Shajarian’s vocal gift transcends language
The voice curls, swoops, and soars. It arches skyward, then plunges thrillingly. It curves through radiant arabesques, before hitting a single note so true that one’s whole being shivers in recognition. The singer caresses each phrase as an inspired jazz vocalist would, and yet his approach is as controlled as the greatest operatic tenor’s. He is, in short, among the world’s finest performers—and yet he’s almost unknown beyond his native land and the pockets of his compatriots that, dispossessed by revolution, have scattered around the world.
This may be about to change. A talent as vast as Mohammad Reza Shajarian’s cannot stay undiscovered for long, and when the Iranian master comes to the Orpheum on Sunday (May 4), it’s likely that there’ll be more than a few in the crowd who don’t speak Farsi. His is a voice, after all, that transcends language.
Still, when the Straight reaches Shajarian at home in Tehran, communication is not always easy. We’re at the North Vancouver home of master musician Hossein Behroozinia, hovering over a crackly speakerphone. My questions are being rephrased in Farsi by Behroozinia’s son Houman, who then translates Shajarian’s answers. The process is laborious and mildly nerve-racking.
Perhaps it would be better just to listen to him sing.
Shajarian agrees. He stresses that he doesn’t perform anything frivolous. If he’s not singing the lyrics of such Sufi masters as Rumi, Hafez, and Saadi, he’s interpreting the works of contemporary Iranian poets.
“Sometimes you don’t even have to understand the lyrics, you just have to understand the voice,” he says.

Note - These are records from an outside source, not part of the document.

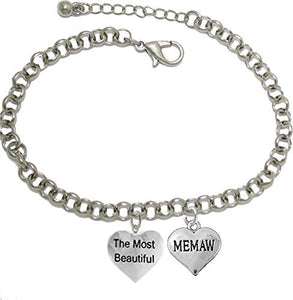 The Most Beautiful Memaw, Adjustable, Hypoallergenic, Safe-Nickel, Lead, Cadmium Free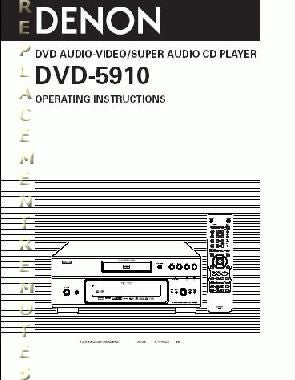 Denon DVD5910ci OM DVD Player Operating Manual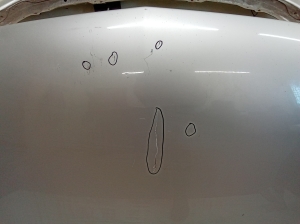 Opel Vectra C (2002–2008) Motorhaube 13106814 - 3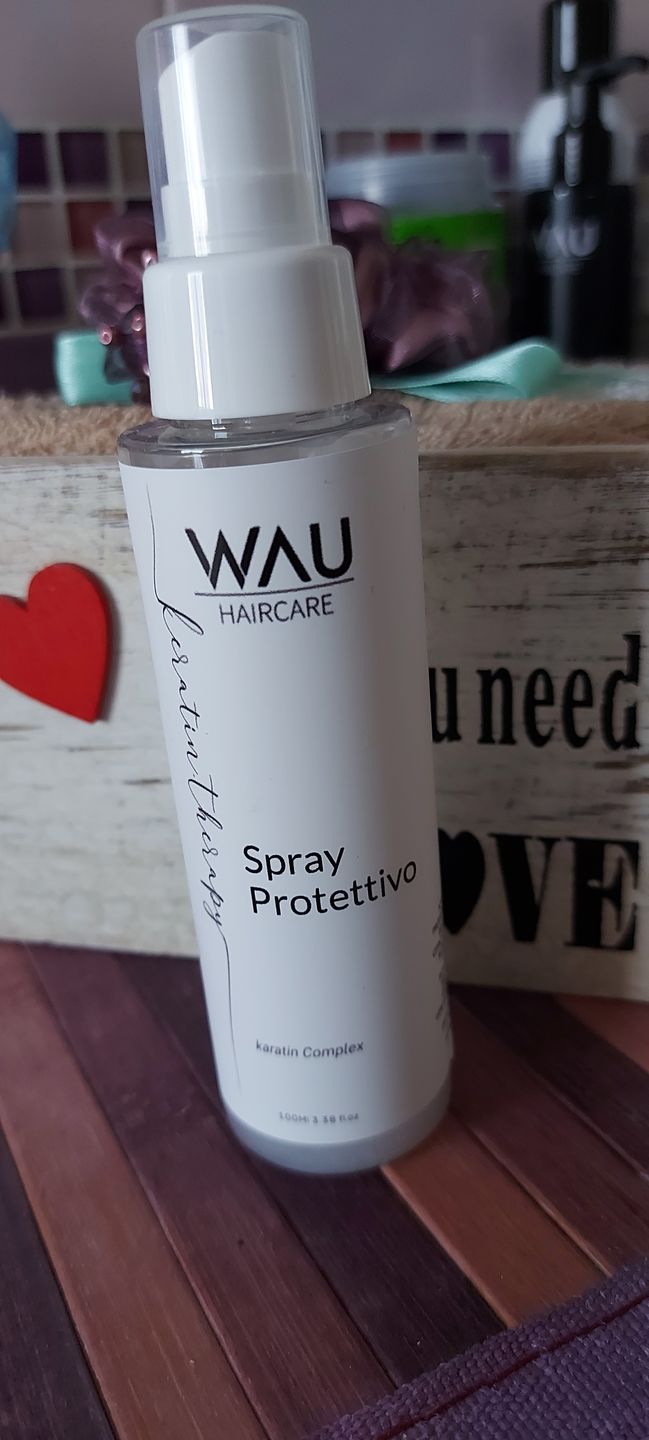 Customer photo review of Spray termoprotettore alla cheratina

Still, literature is a key component of what Shajarian does—whether on-stage with Behroozinia and the Ava Ensemble or practising his other art, calligraphy. In both of his chosen media, the trick is to give the word physical form, and this Shajarian does with uncommon skill. And in both, the aim is to draw out the hidden nuances of a poem or lyric, often by repeating it with subtle changes of emphasis. The process requires confidence, virtuosity, and a deep understanding of the fundamentals.
Those are the qualities that make Shajarian an Iranian national treasure, explains Hossein Behroozinia, once the master singer is off the phone.
“Shajarian is special for all Iranians, especially musicians,” he says. “He knows everything about the Persian repertoire, and he knows everything about Iranian poetry. That’s why the people of Iran know him as a legendary singer.”
Behroozinia is something of a treasure himself. Although still underappreciated in Canada, which has been his home for almost a decade, he’s among the most forward-thinking composers in Iranian music. In addition to helping assemble the Ava Ensemble, he was a cofounder of the acclaimed Dastan Ensemble, has collaborated with poets Coleman Barks and Robert Bly, and is preparing a symphonic work for the Lií¨ge Philharmonic Orchestra in Belgium. He’s also single-handedly responsible for rescuing the barbat, the ancient Persian ancestor of the oud, lute, and guitar, from near
extinction.
“With this instrument, because the neck is short, it’s difficult,” he explains, “but you can have more vibration.” And in the company of Shajarian, along with the singer’s son Homayoun on percussion and three other Iranian virtuosos, those vibrations will be not just good, but great.